Incidents & Escalations

Incidents are the core of onduty.sh. An incident represents a problem that needs attention—usually a service outage or a critical alert.

Incident Lifecycle

An incident goes through three states:

  1. Triggered (Red): A new alert has come in. The escalation policy is running, and people are being notified.
  2. Acknowledged (Yellow): A user has seen the alert and "claimed" it. This stops the escalation policy—no more people will be proactively notified.
  3. Resolved (Green): The issue is fixed.

Incident Lifecycle States
The three states of an incident.

Escalation Policies

An Escalation Policy determines who gets notified and when. It's a set of rules that execute in order.

How it works

When an incident is triggered on a Service:

  1. The system looks at Rule 1 of the Service's Escalation Policy.
  2. It notifies the target (User or Schedule) immediately.
  3. It waits for the specified Escalation Timeout (e.g., 15 minutes).
  4. If the incident is not Acknowledged or Resolved by then, it moves to Rule 2.
  5. This repeats until the policy is exhausted.

Configuring a Policy

Go to Escalation Policies > New Policy.

  • Rule 1: The first line of defense. Usually the primary On-Call Schedule.
  • Rule 2: The backup. Usually a secondary Schedule or a Manager.
  • Rule 3: The safety net. Usually the entire team or a senior engineer.

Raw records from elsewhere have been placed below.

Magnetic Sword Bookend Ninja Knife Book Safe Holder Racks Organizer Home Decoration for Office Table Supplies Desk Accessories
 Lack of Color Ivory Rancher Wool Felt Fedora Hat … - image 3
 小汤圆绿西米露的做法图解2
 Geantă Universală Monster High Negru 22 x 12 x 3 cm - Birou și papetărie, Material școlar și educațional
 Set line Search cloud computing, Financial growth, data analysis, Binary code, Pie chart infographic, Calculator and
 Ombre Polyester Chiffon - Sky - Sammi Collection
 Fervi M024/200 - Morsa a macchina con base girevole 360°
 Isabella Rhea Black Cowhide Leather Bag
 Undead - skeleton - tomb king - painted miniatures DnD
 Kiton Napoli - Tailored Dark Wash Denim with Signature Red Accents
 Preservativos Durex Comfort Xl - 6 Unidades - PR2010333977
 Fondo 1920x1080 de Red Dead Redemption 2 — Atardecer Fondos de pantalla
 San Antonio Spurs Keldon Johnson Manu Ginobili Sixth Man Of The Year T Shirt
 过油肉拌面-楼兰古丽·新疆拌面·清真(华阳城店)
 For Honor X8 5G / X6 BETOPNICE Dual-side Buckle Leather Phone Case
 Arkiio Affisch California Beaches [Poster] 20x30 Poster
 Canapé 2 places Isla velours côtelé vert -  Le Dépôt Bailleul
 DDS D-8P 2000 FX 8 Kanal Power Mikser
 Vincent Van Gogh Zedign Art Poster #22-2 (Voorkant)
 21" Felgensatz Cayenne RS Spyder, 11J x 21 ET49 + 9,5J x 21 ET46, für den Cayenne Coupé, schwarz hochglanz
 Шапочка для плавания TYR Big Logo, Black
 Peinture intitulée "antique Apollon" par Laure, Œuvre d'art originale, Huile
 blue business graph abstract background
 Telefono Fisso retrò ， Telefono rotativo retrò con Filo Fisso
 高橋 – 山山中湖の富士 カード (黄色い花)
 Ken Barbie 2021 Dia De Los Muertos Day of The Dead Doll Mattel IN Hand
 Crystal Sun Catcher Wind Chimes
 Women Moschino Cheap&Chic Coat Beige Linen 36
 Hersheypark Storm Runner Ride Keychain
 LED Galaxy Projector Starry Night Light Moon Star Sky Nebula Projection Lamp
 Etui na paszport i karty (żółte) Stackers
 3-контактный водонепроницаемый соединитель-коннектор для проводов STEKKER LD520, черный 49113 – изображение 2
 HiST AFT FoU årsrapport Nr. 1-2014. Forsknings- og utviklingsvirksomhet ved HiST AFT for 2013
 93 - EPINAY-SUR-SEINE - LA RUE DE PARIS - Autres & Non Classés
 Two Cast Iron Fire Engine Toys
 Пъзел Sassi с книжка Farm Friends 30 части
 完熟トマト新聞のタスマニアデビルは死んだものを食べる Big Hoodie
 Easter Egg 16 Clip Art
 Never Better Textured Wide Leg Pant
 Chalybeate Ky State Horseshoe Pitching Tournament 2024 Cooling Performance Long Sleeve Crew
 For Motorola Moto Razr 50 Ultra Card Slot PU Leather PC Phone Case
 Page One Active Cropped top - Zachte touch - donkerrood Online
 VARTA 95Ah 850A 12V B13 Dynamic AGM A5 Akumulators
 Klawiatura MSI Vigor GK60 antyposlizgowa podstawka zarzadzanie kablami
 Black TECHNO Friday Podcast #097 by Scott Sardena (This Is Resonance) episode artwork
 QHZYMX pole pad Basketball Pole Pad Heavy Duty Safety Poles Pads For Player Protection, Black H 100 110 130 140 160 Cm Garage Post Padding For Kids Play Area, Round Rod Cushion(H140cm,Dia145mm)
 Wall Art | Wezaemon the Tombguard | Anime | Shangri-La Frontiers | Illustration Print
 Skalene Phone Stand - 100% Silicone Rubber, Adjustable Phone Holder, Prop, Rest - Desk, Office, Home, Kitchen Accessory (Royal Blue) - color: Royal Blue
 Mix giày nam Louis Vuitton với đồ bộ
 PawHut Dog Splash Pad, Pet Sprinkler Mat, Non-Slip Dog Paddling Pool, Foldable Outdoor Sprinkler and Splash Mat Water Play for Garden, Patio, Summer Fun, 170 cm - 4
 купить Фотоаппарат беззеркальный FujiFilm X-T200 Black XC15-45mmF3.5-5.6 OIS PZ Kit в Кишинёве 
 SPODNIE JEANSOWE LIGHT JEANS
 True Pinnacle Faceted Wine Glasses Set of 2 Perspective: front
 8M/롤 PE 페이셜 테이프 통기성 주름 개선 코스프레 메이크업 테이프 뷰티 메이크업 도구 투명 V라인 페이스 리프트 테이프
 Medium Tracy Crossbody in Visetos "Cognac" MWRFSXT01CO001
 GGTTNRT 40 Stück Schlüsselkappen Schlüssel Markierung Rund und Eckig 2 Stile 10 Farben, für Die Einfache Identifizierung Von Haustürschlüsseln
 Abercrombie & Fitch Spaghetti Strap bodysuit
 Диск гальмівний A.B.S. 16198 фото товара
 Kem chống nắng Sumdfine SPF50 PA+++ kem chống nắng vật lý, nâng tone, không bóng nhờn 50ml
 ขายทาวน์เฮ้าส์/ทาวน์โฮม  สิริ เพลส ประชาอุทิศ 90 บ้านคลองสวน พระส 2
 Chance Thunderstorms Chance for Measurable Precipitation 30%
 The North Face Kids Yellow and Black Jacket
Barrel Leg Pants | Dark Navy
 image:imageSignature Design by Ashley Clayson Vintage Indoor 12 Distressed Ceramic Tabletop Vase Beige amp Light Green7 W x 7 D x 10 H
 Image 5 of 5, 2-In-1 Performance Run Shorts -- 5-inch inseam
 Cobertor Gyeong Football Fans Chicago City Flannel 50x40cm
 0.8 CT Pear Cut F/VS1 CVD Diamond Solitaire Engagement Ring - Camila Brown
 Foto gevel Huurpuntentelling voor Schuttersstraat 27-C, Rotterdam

  • Rule 3: The safety net. Usually the entire team or a senior engineer.

Escalation Policy Flow
Visualizing an Escalation Policy flow.

Troubleshooting Alerts

"I set everything up, but I didn't get the call!"

If you aren't receiving alerts, check the following:

  1. Is the Incident Triggered? Check the Dashboard. If it's not there, the integration might be failing (check your Integration Key).
  2. Is the Service linked to an Escalation Policy? Go to the Service settings and ensure an Escalation Policy is selected.
  3. Is the Schedule Active? View the Schedule calendar. Is someone actually on-call right now?
  4. Is your Phone Number Verified? Check your Profile settings. You must verify your number to receive calls/SMS.
  5. Did you Acknowledge it? If you (or someone else) acknowledged the alert, the escalation stops immediately.

Notification Methods

Users can configure how they want to be notified in their Profile.

  • Phone Call: Automated voice call. "Press 4 to acknowledge, 6 to resolve."
  • SMS: Text message with a link.
  • Email: Standard email notification.
  • Slack: (Coming Soon) Interactive messages in Slack.

Managing Incidents

You can manage incidents from:
* The Dashboard
* The Incident Detail Page
* SMS/Phone responses

Postmortems

After an incident is resolved, you can write a Postmortem to document:
* What went wrong?
* How was it fixed?
* What will we do to prevent it happening again?

This is crucial for building a resilient engineering culture.